The Republicans in our state leadership and on the State Board of Education won't admit it, but education is a mess in the state of Texas. According to the Houston Chronicle, "Of the 50 states, we're no. 49 in the percentage of adults who've completed high school; and it's estimated that a third of our Texas high school freshmen don't make it to graduation." With numbers that bad one would think the state leaders would be eager to take drastic measures to save the Texas educational system. But they aren't.
It's not that Texas doesn't have any good schools. There are some excellent schools, but they exist mainly in the richer areas (the areas where the Republican leaders and their friends send their kids to school). Schools in poor and working class areas are the ones that are sadly lacking. These are also the schools that are being ignored by our Republican leadership. One of their favorite sayings is that "more money doesn't mean a better education" and so they continue to underfund these schools (while making sure the schools their children attend have all the dollars they need).
The federal government has offered to help. They tried to give Texas $700 million dollars for education last year, but our Republican governor turned the money down. He turned it down because Texas would have had to meet national education standards. He has already said he will turn down a similar amount from the federal government again this year.
If they accepted this money, they could no longer teach the right-wing fundamentalist propaganda in Texas schools such as creationist ideas in science classes and a rewriting of history that includes such things as a glorification of the Confederacy, a rehabilitation of the scandalous behavior of Sen. Joseph McCarthy, elimination of Thomas Jefferson as a prominent figure in the Enlightenment (and elimination of the Enlightenment also), and the denigration of important American writers like Upton Sinclair.
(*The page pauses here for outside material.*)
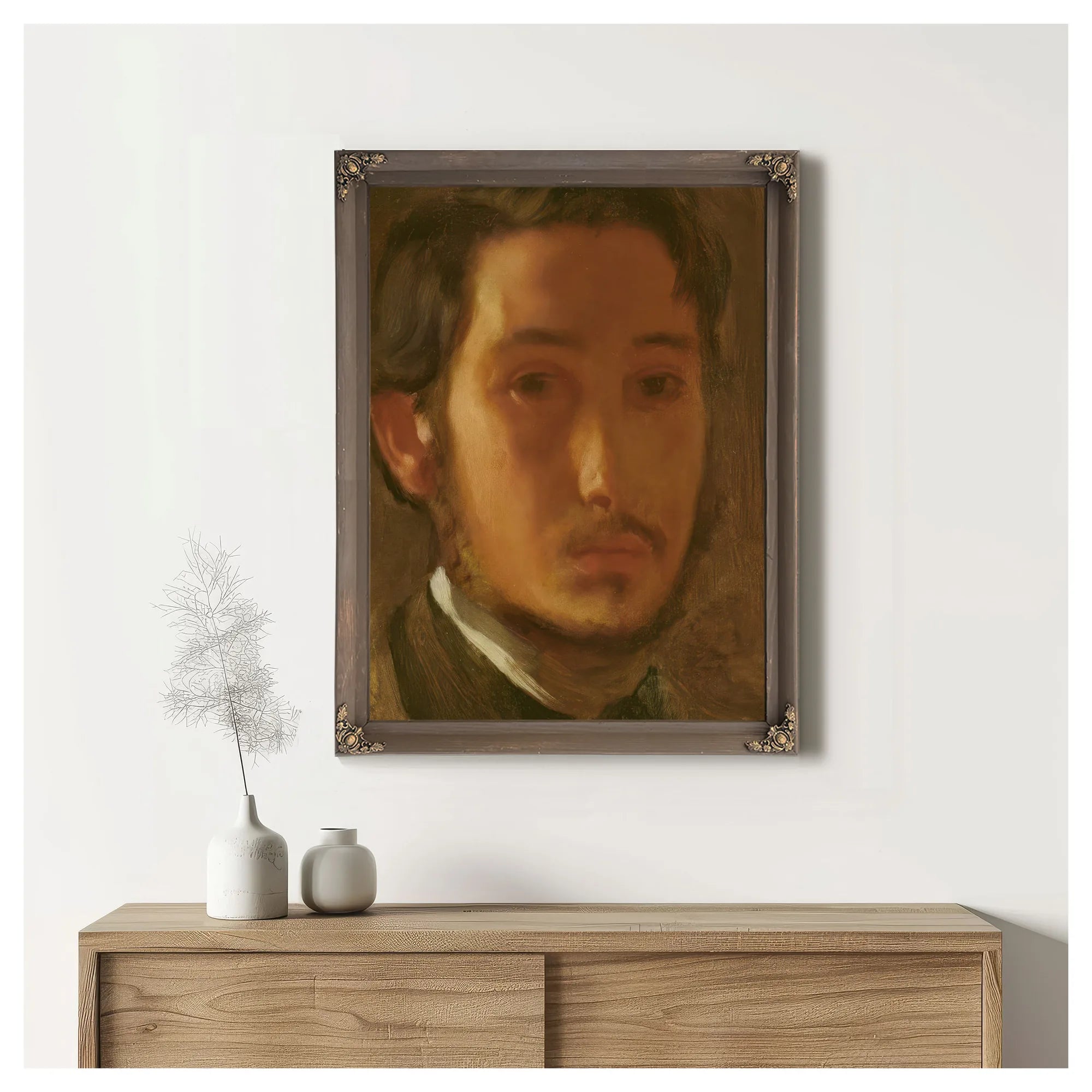 Self Portrait With White Collar By Edgar Degas Fine Art Print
The State Board of Education has decided to propagandize Texas students rather than teach them to be critical thinkers, and Republican leaders like Rick Perry have decided that appealing to their political base of fundamentalist right-wingers is more important than properly funding all Texas schools. Together their endeavors will assure that as a whole the Texas educational system lags far behind that of the other states.
Oddly enough, it seems that the current recession will save Texas students from at least some of this Republican chicanery. Poor and working class schools will remain underfunded, but it looks like the new efforts at propaganda may be at least partly thwarted. Texas is currently facing a deficit in the next biennium of between $15 and $18 billion dollars.
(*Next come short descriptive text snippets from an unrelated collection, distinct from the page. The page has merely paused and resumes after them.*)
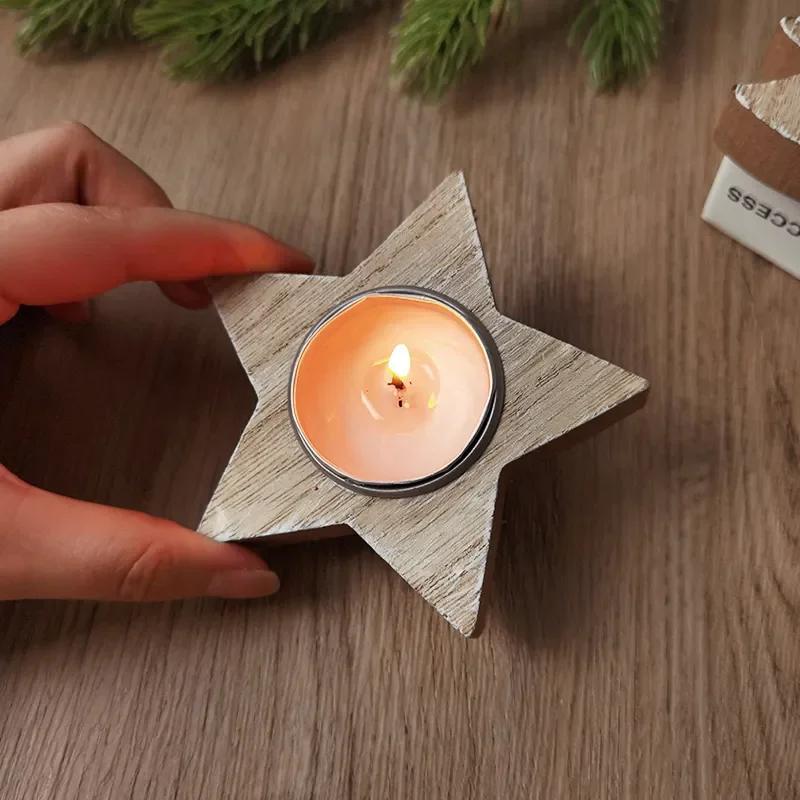 Christmas Wooden Candle Holder Snowflake Candlestick Christmas Decorations for Home Xmas Table Ornaments
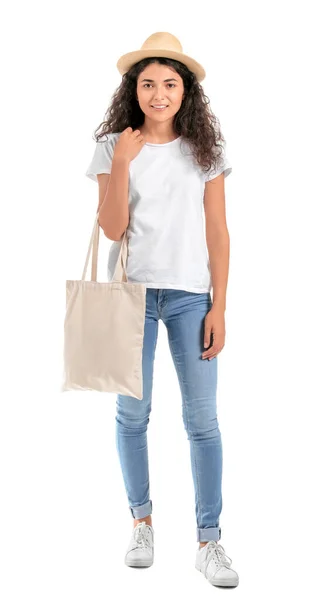 Beautiful Young Woman Eco Bag White Background — Stock Photo, Image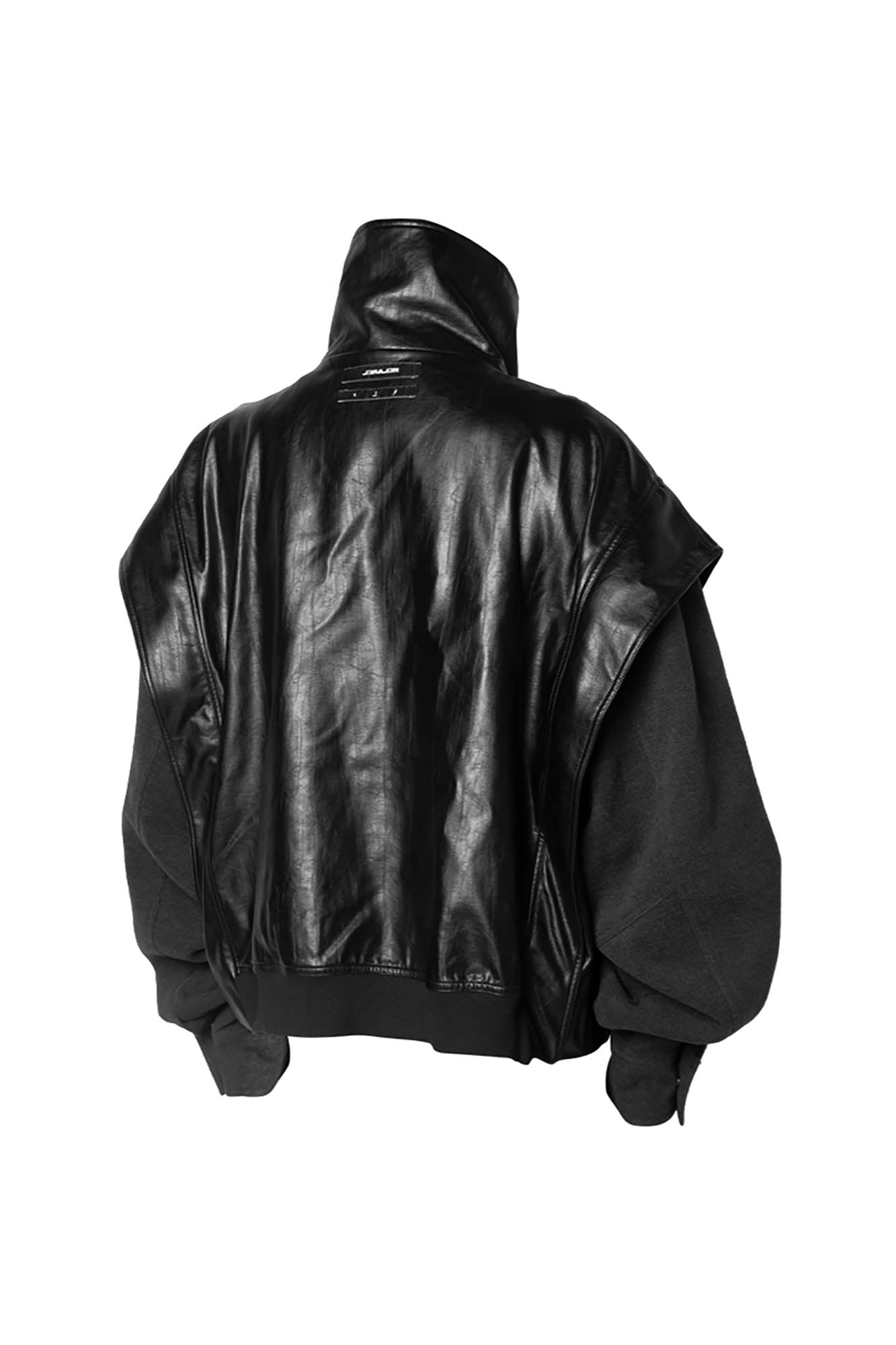 RELABEL Deconstructed Spliced Stand-Collar Faux Leather Jacket, premium urban and streetwear designers apparel on PROJECTISR.com, RELABEL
This means that Texas will most likely be unable to afford new social science textbooks with the new right-wing propaganda in them. They may have to make do with the current history books that teach a more realistic view of history. They also may not be able to afford the creationist pamphlet detailing the "failings" of evolution that was meant to be issued with science textbooks.
There is no hope of Texas education being improved under the current Republican leadership, but it looks like the recession may prevent it from getting a whole lot worse. Who could have known that the recession would have a small silver lining (at least for school students)?